**** Supplied information

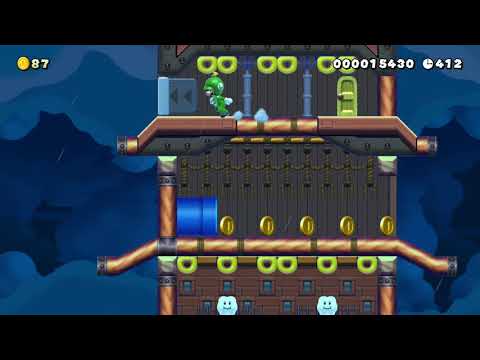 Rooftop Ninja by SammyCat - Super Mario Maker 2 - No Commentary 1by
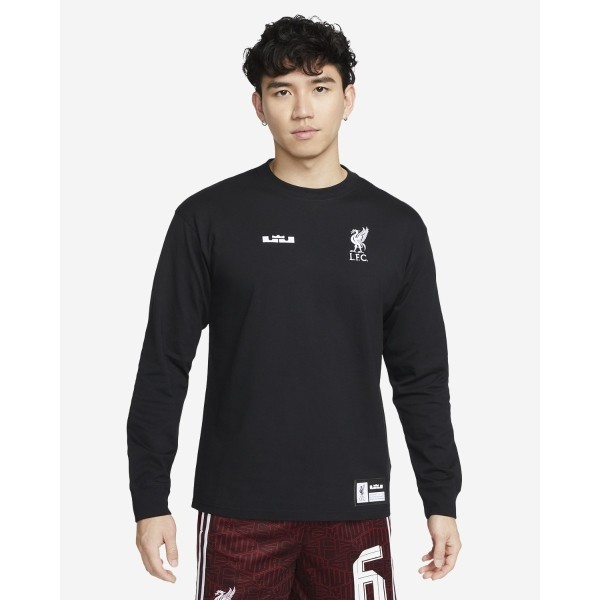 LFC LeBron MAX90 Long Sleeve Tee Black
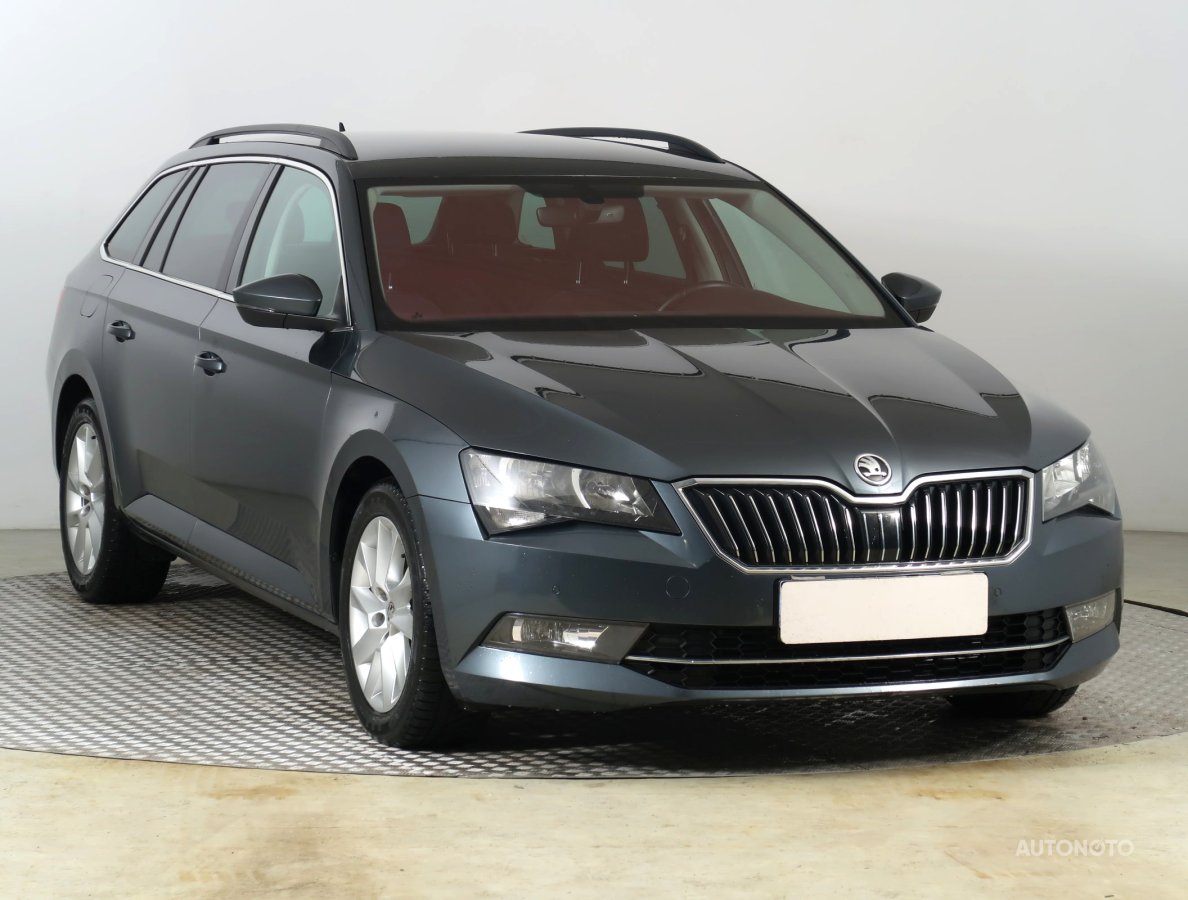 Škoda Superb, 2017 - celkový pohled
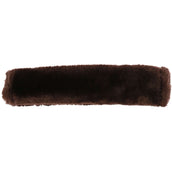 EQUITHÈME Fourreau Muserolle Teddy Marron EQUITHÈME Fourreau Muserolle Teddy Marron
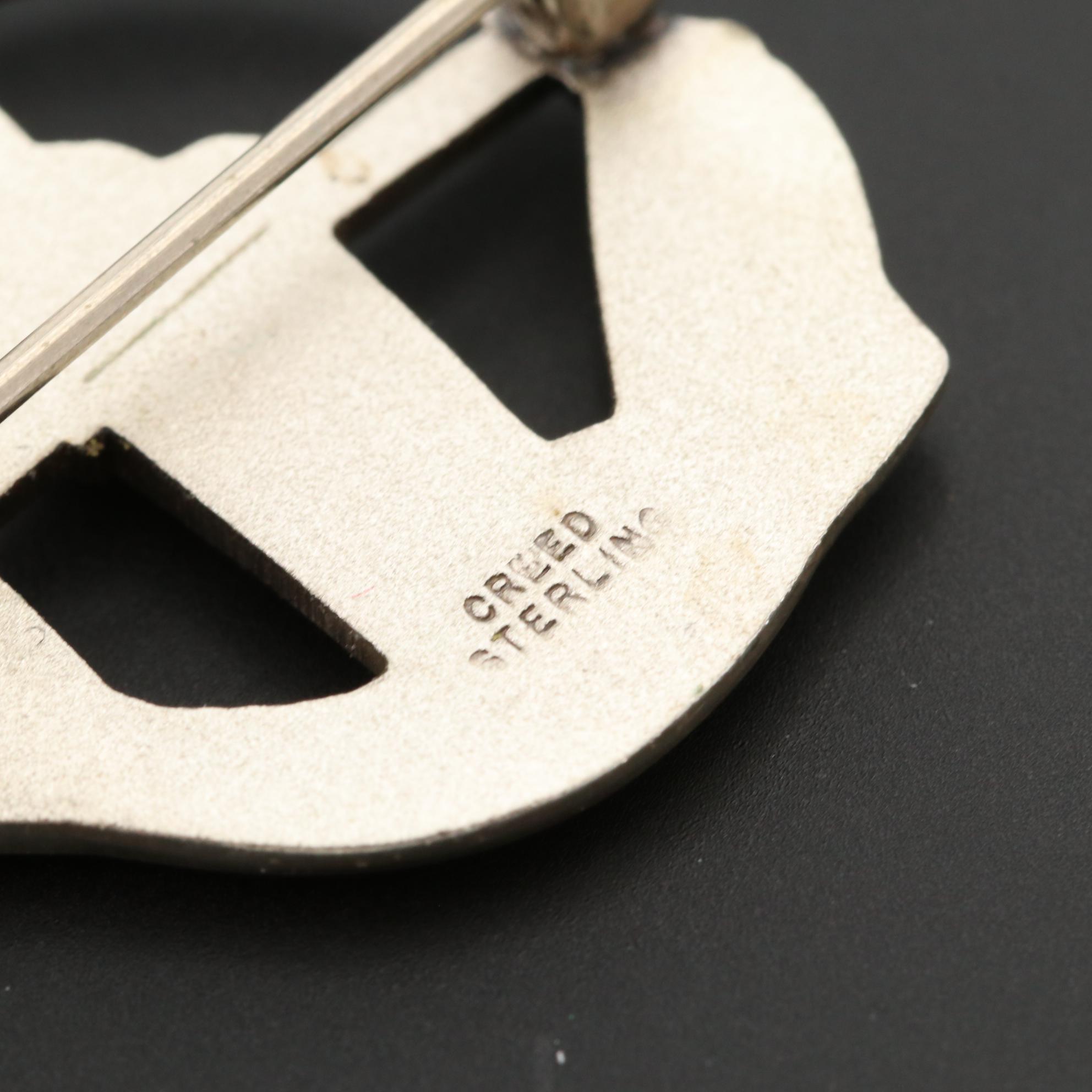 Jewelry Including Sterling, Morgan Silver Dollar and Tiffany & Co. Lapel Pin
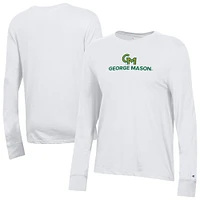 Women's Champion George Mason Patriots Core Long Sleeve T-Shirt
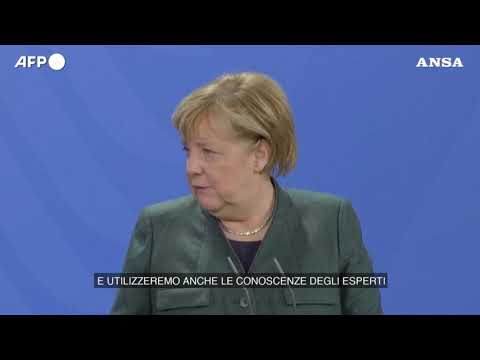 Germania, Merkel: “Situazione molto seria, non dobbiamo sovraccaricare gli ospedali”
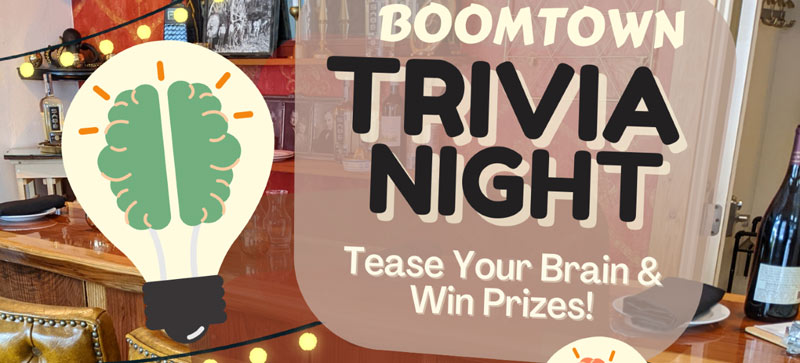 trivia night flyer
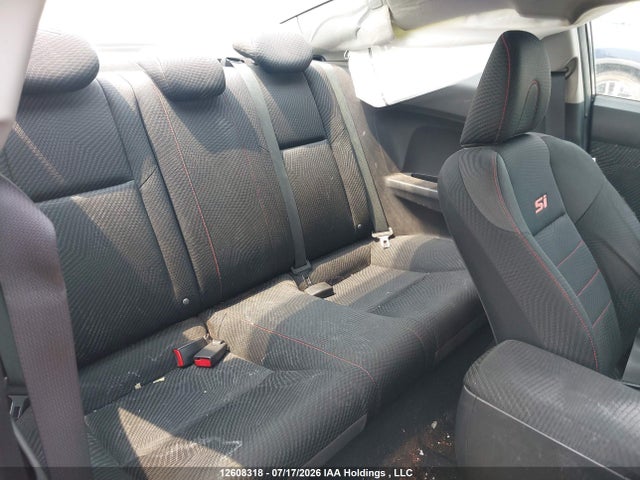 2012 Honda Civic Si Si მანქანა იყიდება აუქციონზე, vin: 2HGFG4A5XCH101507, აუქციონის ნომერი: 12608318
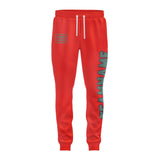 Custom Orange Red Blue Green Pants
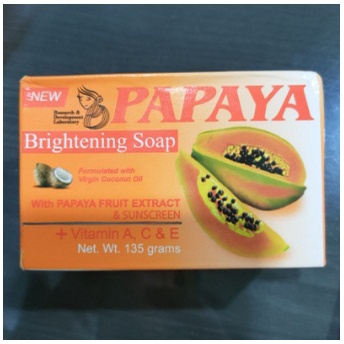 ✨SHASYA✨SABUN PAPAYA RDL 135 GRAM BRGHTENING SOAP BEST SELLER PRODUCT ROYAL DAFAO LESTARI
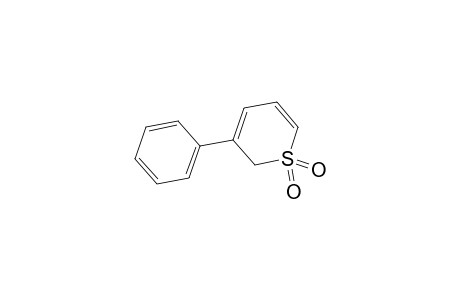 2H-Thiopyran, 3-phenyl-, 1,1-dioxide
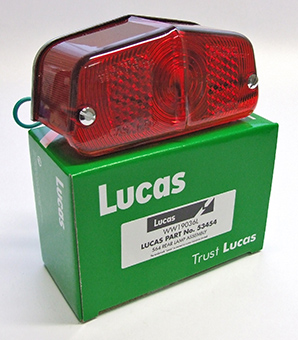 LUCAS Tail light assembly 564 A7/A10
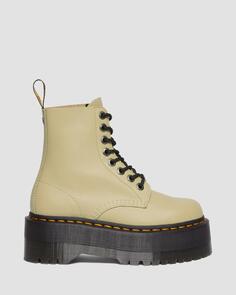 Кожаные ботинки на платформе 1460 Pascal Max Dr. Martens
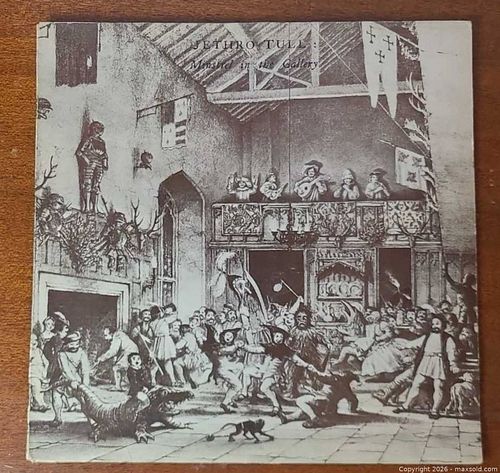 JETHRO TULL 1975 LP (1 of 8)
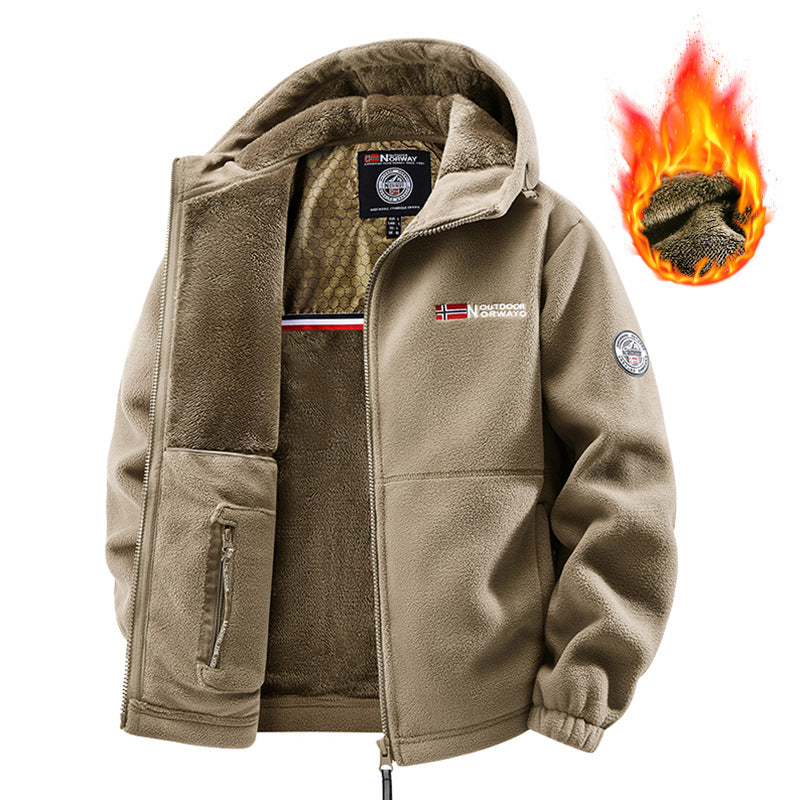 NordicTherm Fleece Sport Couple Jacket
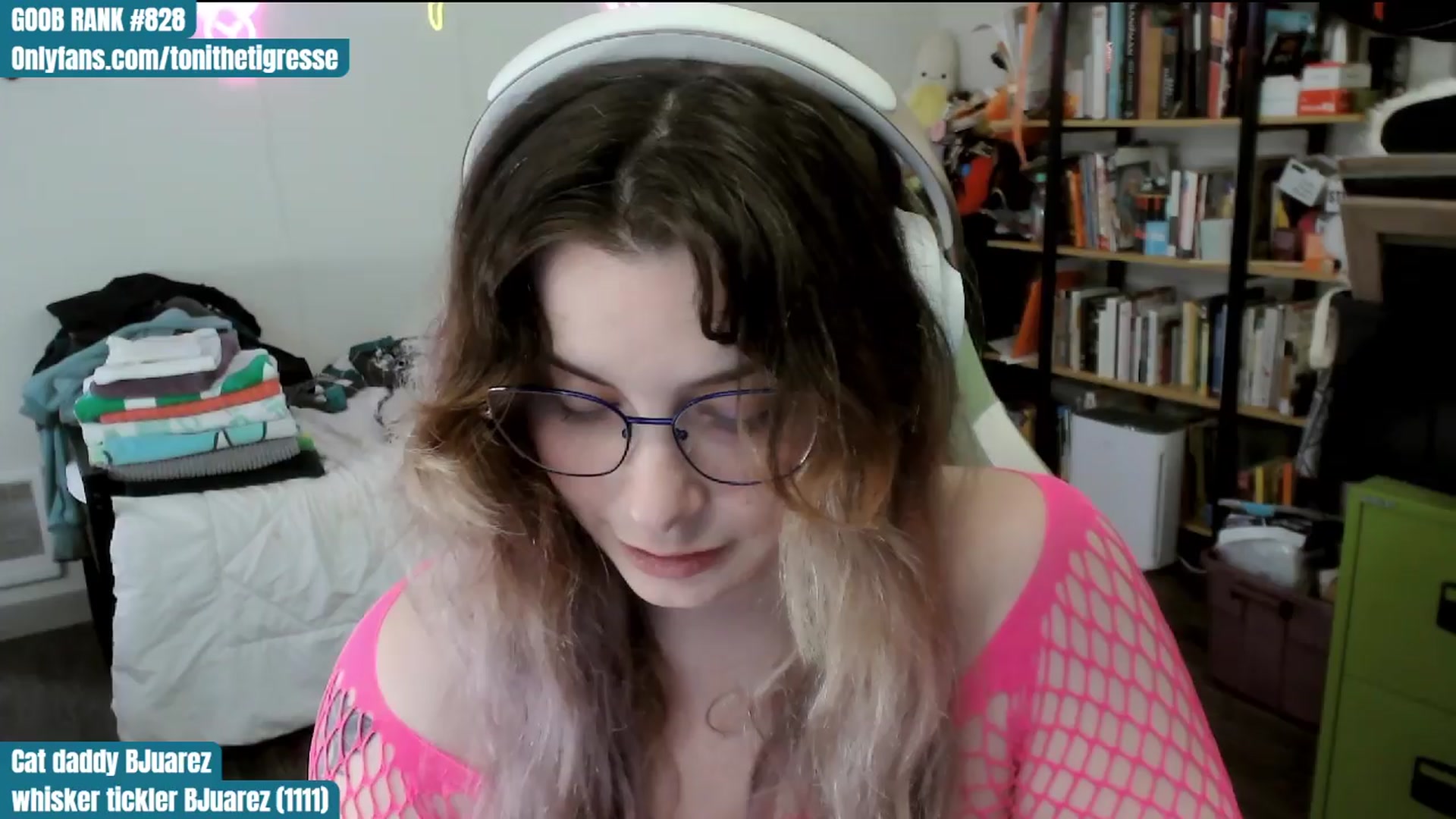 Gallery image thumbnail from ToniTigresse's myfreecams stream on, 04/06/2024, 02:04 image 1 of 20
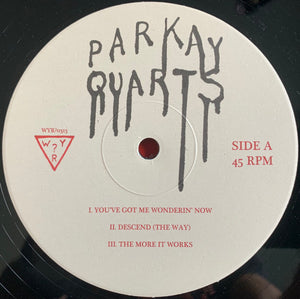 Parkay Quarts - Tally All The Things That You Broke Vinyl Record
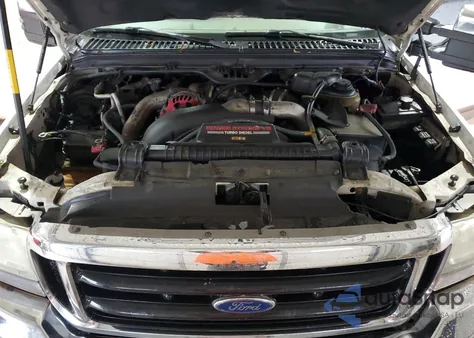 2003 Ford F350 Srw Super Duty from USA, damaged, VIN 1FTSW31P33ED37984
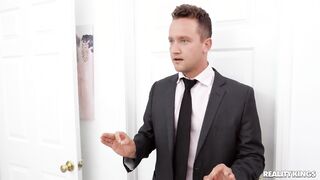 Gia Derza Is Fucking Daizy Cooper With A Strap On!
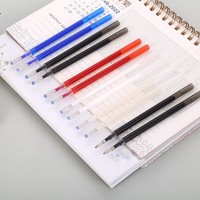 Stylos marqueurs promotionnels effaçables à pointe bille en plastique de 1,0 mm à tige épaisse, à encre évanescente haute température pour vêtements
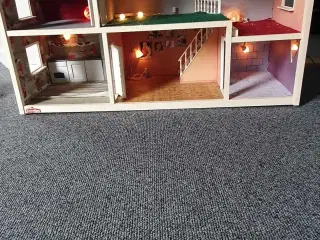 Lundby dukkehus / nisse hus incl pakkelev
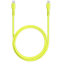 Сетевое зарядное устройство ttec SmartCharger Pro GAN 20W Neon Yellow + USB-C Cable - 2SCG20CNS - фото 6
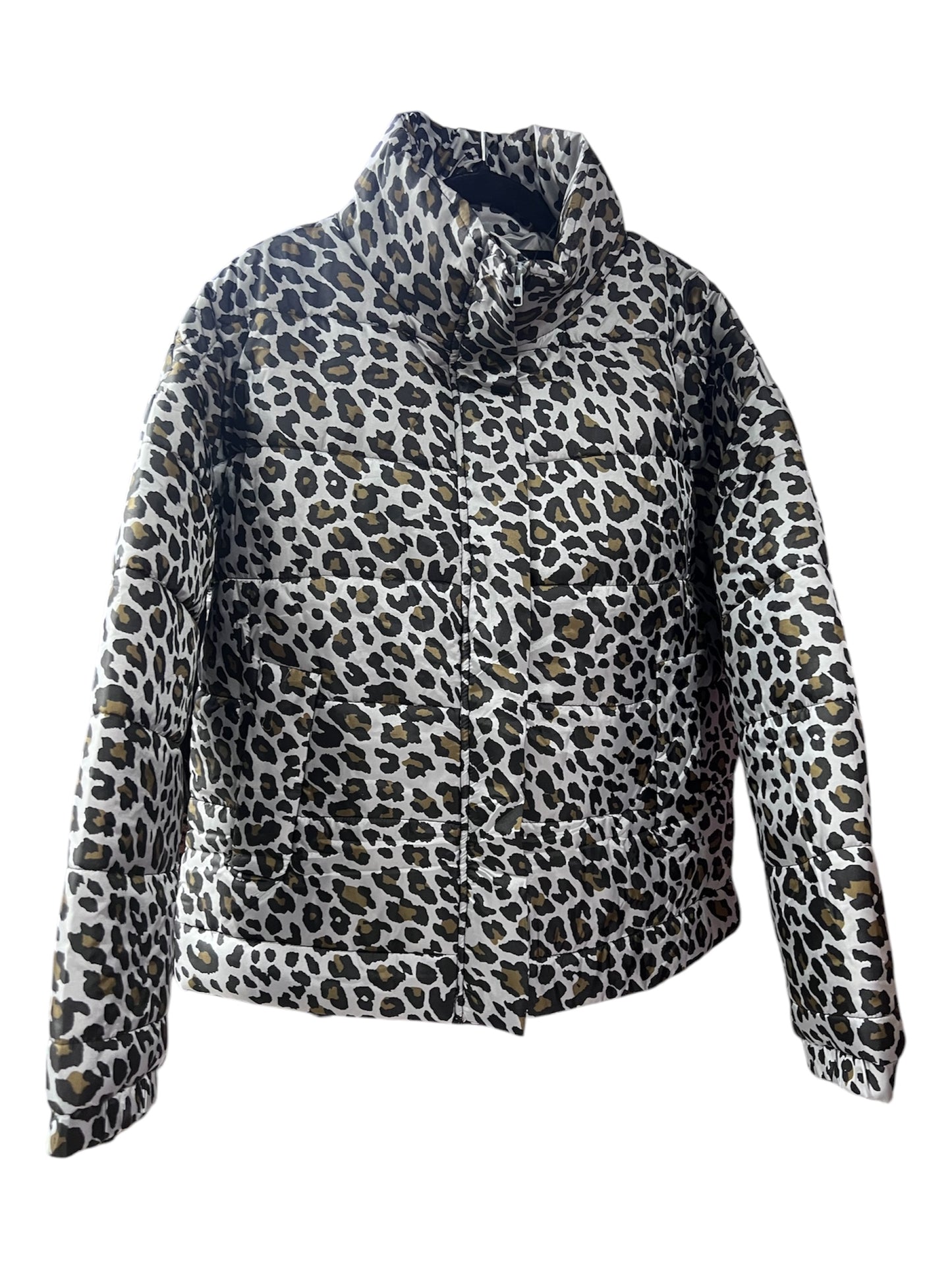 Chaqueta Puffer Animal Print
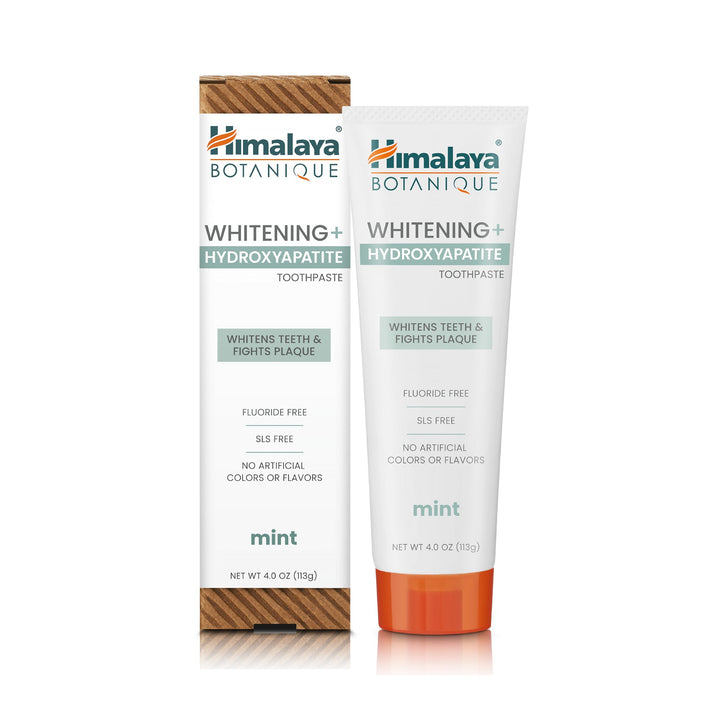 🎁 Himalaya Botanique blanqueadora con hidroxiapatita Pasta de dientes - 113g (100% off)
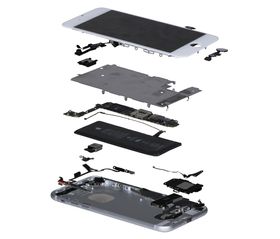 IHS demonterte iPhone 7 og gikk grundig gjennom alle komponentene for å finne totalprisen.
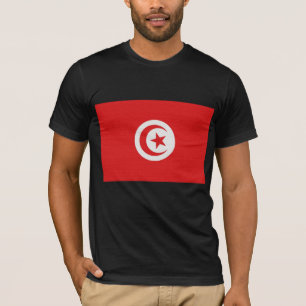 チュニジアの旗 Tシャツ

********

Exercise prompt
Exact lines only, please. Repeat everything from the top of the records through the line containing "trivia night flyer", both ends in and pictures out.

Solution
 Rooftop Ninja by SammyCat - Super Mario Maker 2 - No Commentary 1by
 LFC LeBron MAX90 Long Sleeve Tee Black
 Škoda Superb, 2017 - celkový pohled
 EQUITHÈME Fourreau Muserolle Teddy Marron EQUITHÈME Fourreau Muserolle Teddy Marron
 Jewelry Including Sterling, Morgan Silver Dollar and Tiffany & Co. Lapel Pin
 Women's Champion George Mason Patriots Core Long Sleeve T-Shirt
 Germania, Merkel: “Situazione molto seria, non dobbiamo sovraccaricare gli ospedali”
 trivia night flyer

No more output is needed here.